## Data shown
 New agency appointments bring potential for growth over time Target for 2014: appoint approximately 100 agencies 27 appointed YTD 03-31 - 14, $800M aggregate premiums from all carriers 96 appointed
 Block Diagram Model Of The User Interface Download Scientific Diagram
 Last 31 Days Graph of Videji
--
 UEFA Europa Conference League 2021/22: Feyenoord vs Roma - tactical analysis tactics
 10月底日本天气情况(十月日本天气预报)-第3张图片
* * *
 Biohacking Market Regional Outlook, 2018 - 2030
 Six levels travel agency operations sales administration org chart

## What you need to do
Above this task is a listing. Restate, word for word and with nothing added, the lines from the one with "New agency appointments" through the one with "Last 31 Days Graph of Videji".

## Written answer
 New agency appointments bring potential for growth over time Target for 2014: appoint approximately 100 agencies 27 appointed YTD 03-31 - 14, $800M aggregate premiums from all carriers 96 appointed
 Block Diagram Model Of The User Interface Download Scientific Diagram
 Last 31 Days Graph of Videji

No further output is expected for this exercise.